As is depicted in Table 1, the constellation points in the 2-D constellation diagram of different modulation formats render different clustering distributions in Stokes space, which demonstrates the fact that the Stokes sectional images can incarnate the information of different modulation formats. Moreover, the m-PSK signals have only one distribution plane, the S₂-S₃ plane, while the m-QAM signals have multiple distribution planes owing to the fact that m-QAM signals contain not only phase information but also amplitude information [16]. One of the sectional images is a longitudinal S₁-S₂ sectional image reflecting the signal amplitude information while the other transverse S₂-S₃ sectional image shows the phase information of the optical signals. After power normalization and Stokes mapping, we intercept two specific sectional planes in Poincaré sphere with the corresponding OSNR label as the input data of the neural network. A sample of the signal can be transformed into an image with 64 × 64 pixels. The region of each cross-section is divided into a sub-region grid of 64 rows and 64 columns, and the number of clustering points under each sub-region is calculated. Then, the number of constellation points in each subregion is normalized by dividing by the maximum number of all subregions. Finally, we take the normalized value of each subregion as the gray value of the corresponding pixels in the image with a size of 64 × 64 to get the feature images. Two images are combined so the dimension of input data is 64 × 128.

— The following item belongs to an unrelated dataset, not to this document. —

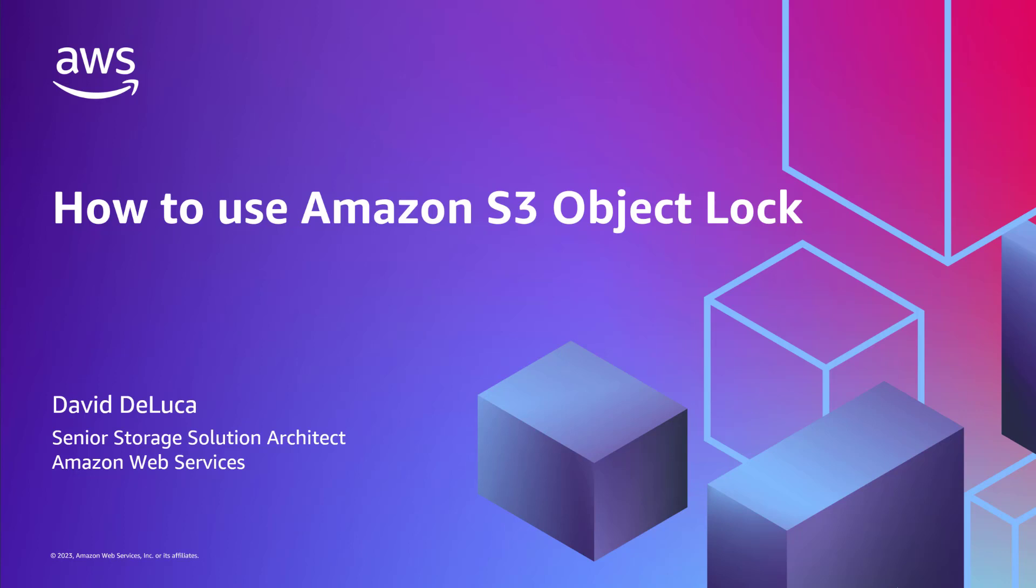Amazon S3 is the trusted primary storage for millions of customers from all around the world. With 11 nines of data durability, you can store and protect business-critical data for virtually any use case. My name is David DeLuca. I'm a senior storage solutions architect for Amazon Web Services.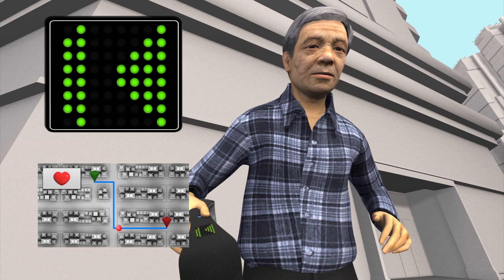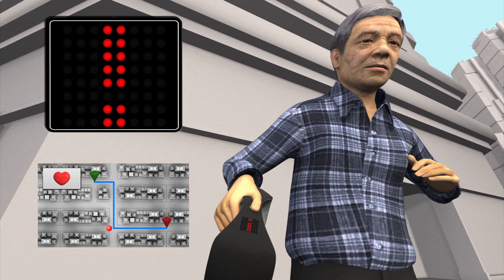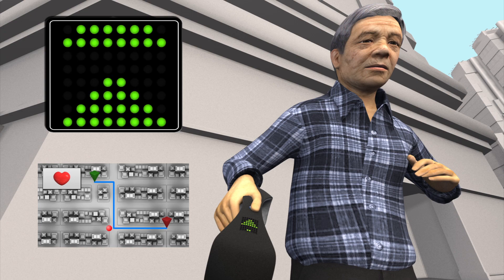If the user wanders off course, the handle vibrates and the LED screen points them in the correct direction.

Table 1. Stokes sectional images of different modulation format signals

View Table

2.2 Lifelong learning for all OPM tasks in SDM-EONs

Multifarious machine learning methods have been applied to solve the OPM tasks for SDM-based optical networks, such as transfer learning (TL) [17] and artificial neural network (ANN) [18]. Nevertheless, TL merely focuses on the tasks in the target domain and the neural network after knowledge transferred cannot show the same performance on the source domain as before. A majority of neural network models rely on the labeled training samples currently. Once the condition of the channel has changed or switching to the OPM task of a new channel, network parameters need to be retrained in the whole dataset to adapt to the changes in data distribution, resulting in the performance of the previously learned task being reduced by learning the new OPM task [14]. The traditional approach for these tasks is to fine-tune the base neural network with training data for new tasks. However, this methodology suffers from catastrophic forgetting notoriously [19]. The phenomenon usually leads to severe performance of the neural network drop on old tasks and the alternative means, training from scratch with the combination of old and new data, may require plenty of computation and storage resources on old dataset.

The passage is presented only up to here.